Re: [RFC PATCH v2 0/5] mm, bpf: BPF based THP adjustment

David Hildenbrand <david@xxxxxxxxxx> · Tue, 27 May 2025 11:27:37 +0200

On 27.05.25 10:40, Yafang Shao wrote:
On Tue, May 27, 2025 at 4:30 PM David Hildenbrand <david@xxxxxxxxxx> wrote:

I don't think we want to add such a mechanism (new mode) where the
primary configuration mechanism is through bpf.

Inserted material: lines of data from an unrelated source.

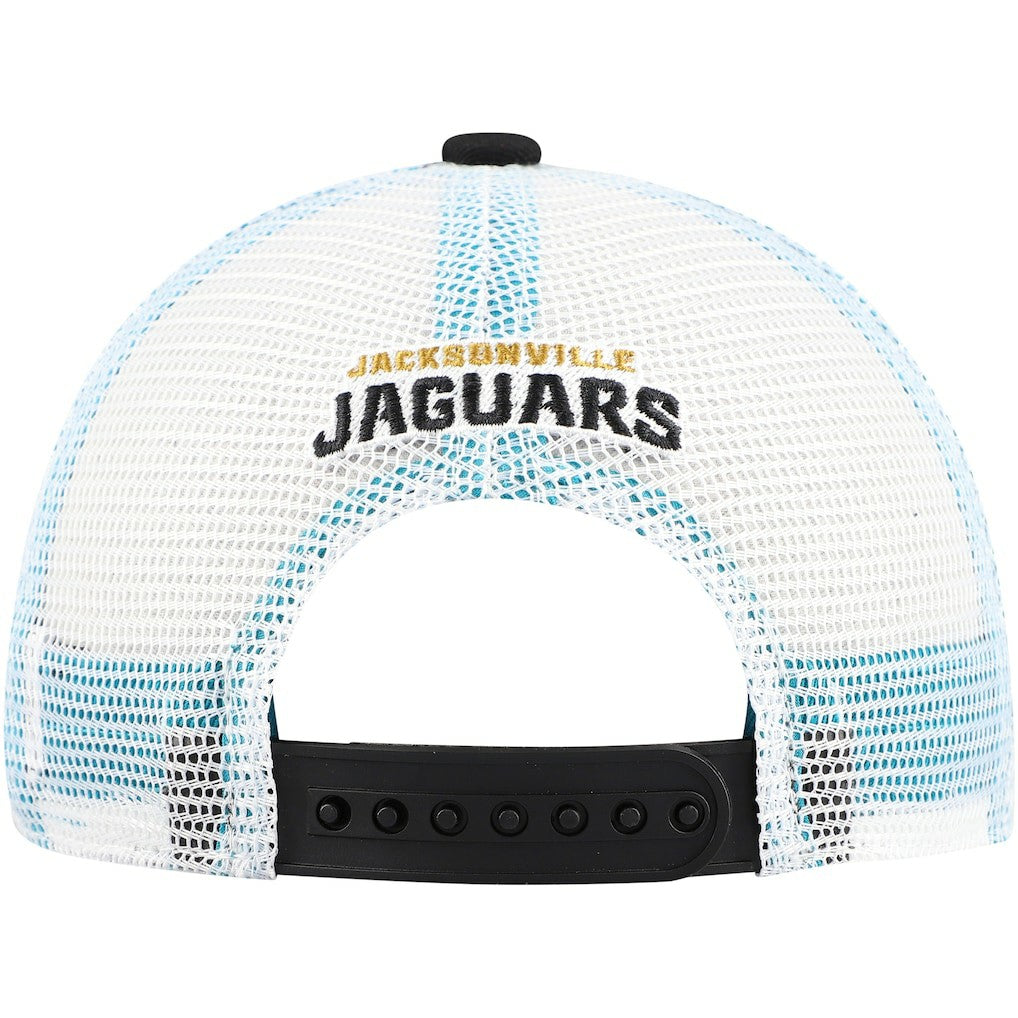 Jacksonville Jaguars Preschool Core Lockup Trucker Adjustable hat - Black for sale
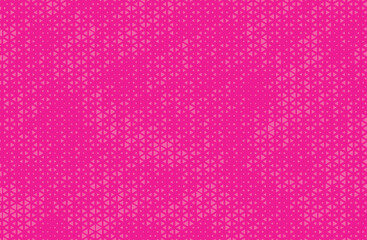 Fototapete - Triangular Halftone Texture Retro wave Vector Geometric Technology Abstract Background. Half Tone Triangles Retro Deep Pink Pattern. Minimal 80s Style Dynamic Tech Structure Wallpaper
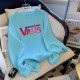 Baby Blue Casual Print Letter O Neck Tops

Maybe bpf could be used as an alternative, but we should look into a
reasonable alternative first, like the discussed mctrl()/.../ raised in
the process_madvise() series.

No "bpf" mode in disguise, please :)

This goal can be readily achieved using a BPF program. In any case, it
is a feasible solution.

No BPF-only solution.

We could define
the API as follows:

struct bpf_thp_ops {
          /**
           * @task_thp_mode: Get the THP mode for a specific task
           *
           * Return:
           * - TASK_THP_ALWAYS: "always" mode
           * - TASK_THP_MADVISE: "madvise" mode
           * - TASK_THP_NEVER: "never" mode
           * Future modes can also be added.
           */
          int (*task_thp_mode)(struct task_struct *p);
};

For observability, we could add a "THP mode" field to
/proc/[pid]/status. For example:

$ grep "THP mode" /proc/123/status
always
$ grep "THP mode" /proc/456/status
madvise
$ grep "THP mode" /proc/789/status
never

The THP mode for each task would be determined by the attached BPF
program based on the task's attributes. We would place the BPF hook in
appropriate kernel functions. Note that this setting wouldn't be
inherited during fork/exec - the BPF program would make the decision
dynamically for each task.

What would be the mode (default) when the bpf program would not be active?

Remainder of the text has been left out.